Two models to learn the latent space:
   The system that derives the latent space and the transformations within it has two main components:

  • A transition model, which predicts the next state based on the current state and action.
  • A conjugate constraint model which maps current actions to past actions.

   The full model takes in a video and essentially learns the transitions between states by sliding these two models along through time to the desire goal state, sampling actions and then learns the next state. 

Two approaches to planning: The researchers experiment with two planning approaches, both of which rely on the features mined by the main system. One approach tries to map current and goal observations into a latent space while also mapping actions to prior actions, then samples from different actions to use to solve its task. The other approach is called ‘walkthrough planning’ and outputs the visual observations between the current and goal state; this is a less direct approach as it doesn’t output actions, but could serve as a useful reward signal for another system. 

Dataset: For this work, they use the CrossTask instructional video dataset, which is a compilation of videos showing 83 different tasks, involving things like grilling steak, making pancakes, changing a tire, and so on.

Testing: Spoiler alert – this kind of task is extremely hard, so get ready for some stay-in-your-chair results. In tests, the researchers find their system using the traditional planning approach can obtain accuracies of around 31.29% tests, with an overall success rate of 12.18%. This compares to a prior state-of-the-art of 24.39% accuracy and 2.89% success rate for ‘Universal Planning Networks’ (Import AI #90). (Note: UPN is the closest thing to compare to, but has some subtle differences making a direct comparison difficult).
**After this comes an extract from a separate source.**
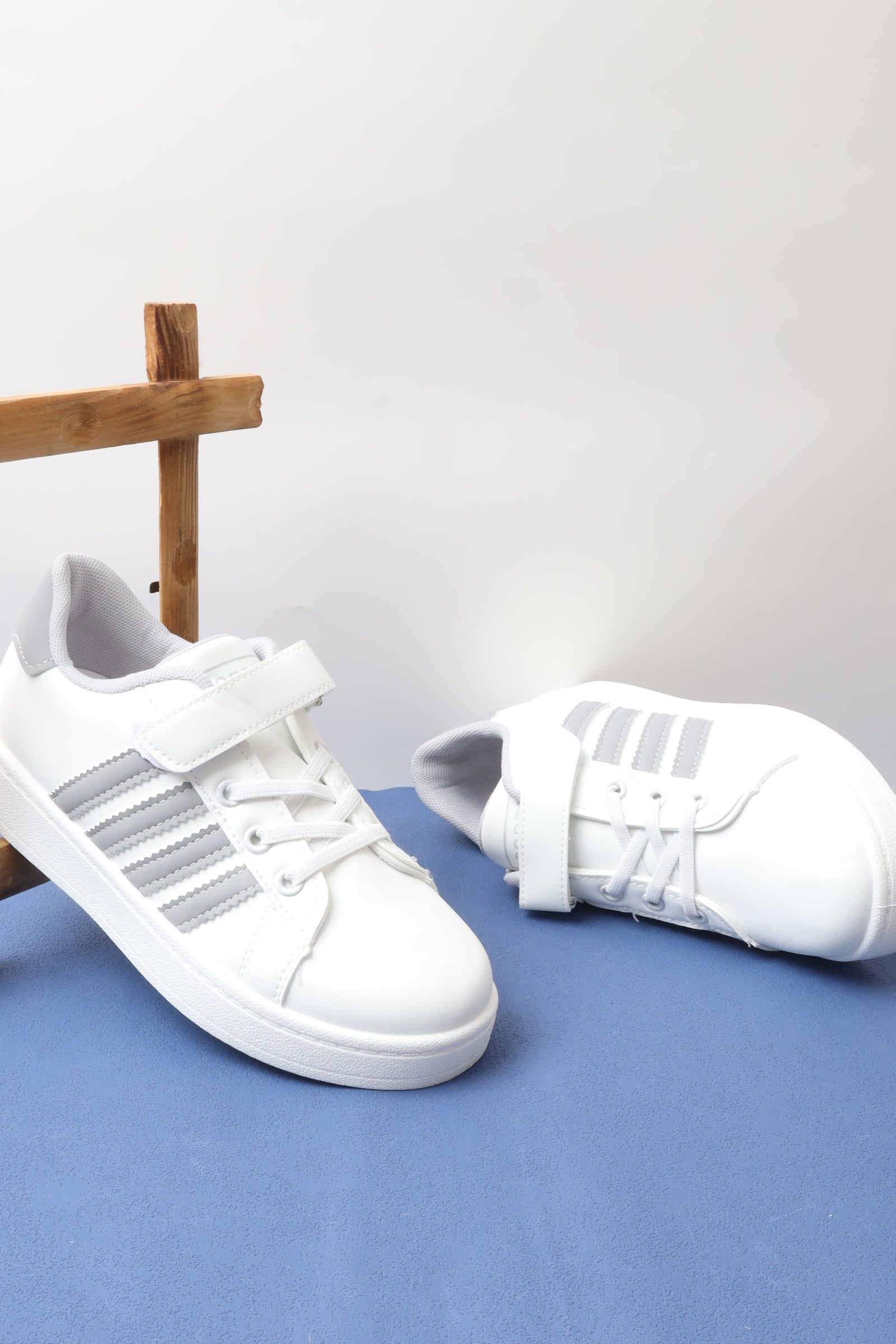 حذاء بناتي 1828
They show that the same system when using walkthrough planning can significantly improve scores over prior state-of-the-art systems as well – “our full model is able to plan the correct order for all video clips”, they write, compared to baselines which typically fail. 

Why this matters: We’re starting to see AI systems that use the big, learnable engines used in deep learning research as part of more deliberately structured systems to tackle specific tasks, like learning transitions and plans for video walkthroughs. Planning is an essential part of AI, and being able to learn plans and disentangle plans from actions (and learn appropriate associations) is an inherently complex task; progress here can give us a better sense for progress in the field of AI
   Read more: Procedure Planning in Instructional Videos (Arxiv)
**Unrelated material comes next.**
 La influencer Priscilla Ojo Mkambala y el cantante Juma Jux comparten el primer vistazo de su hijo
####################################################

DeepNude: Dual Use concerns meet Pornography; trouble ensues:
…Rock, meet hard place…
What would a person look like without their clothes? That’s something people can imagine fairly easily, but has been difficult for AI systems. That is, until we developed a whole bunch of recent systems capable of modeling data distributions and generating synthetic versions of said data; these techniques contributed to the rise of things like ‘deepfakes’ which let people superimpose the face of one person on that of another in a video. Recently, someone took this a step further with a software tool called DeepNude which automatically removes the clothes of (predominantly women), rendering synthetic images of them in the nude. 

Blowback, phase one: The initial DeepNude blowback centered on the dubious motivation for the project and the immense likelihood of the software being used to troll, harass, and abuse women. Coverage in Vice led to such outcry from the community that the creator of DeepNude took the application down – but not before others had implemented the same capabilities in other software and distributed it around the web. 

Rapid proliferation makes norms difficult: Just a couple of days after taking the app down, the creator posted the code of the application to GitHub, saying that because the DeepNude application had already been replicated widely, there was no purpose in keeping the original code private, so they published it online. 

Why this matters: DeepNude is an illustration of the larger issues inherent to increasingly powerful AI systems; these things have got really powerful and can be used in a variety of different applications and are also, perhaps unintuitively, relatively easy to program and put together once you have some pre-trained networks lying around (and the norms of publication mean this is always the case). How we figure out new norms around development and publication of such technology will have a significant influence on what happens in society, and if we’re not careful we could enable more things like DeepNude.
   Read the statement justifying code release: Official DeepNude Algorithm (DeepNude GitHub).
   Read more: This Horrifying App Undresses a Photo of any Woman With a Single Click (Vice). (A special ImportAI shoutout to Samantha Cole, the journalist behind this story; Samantha was the first journalist to cover deepfakes back in 2017 and has been on this beat doing detailed work for a while. Worth a follow!)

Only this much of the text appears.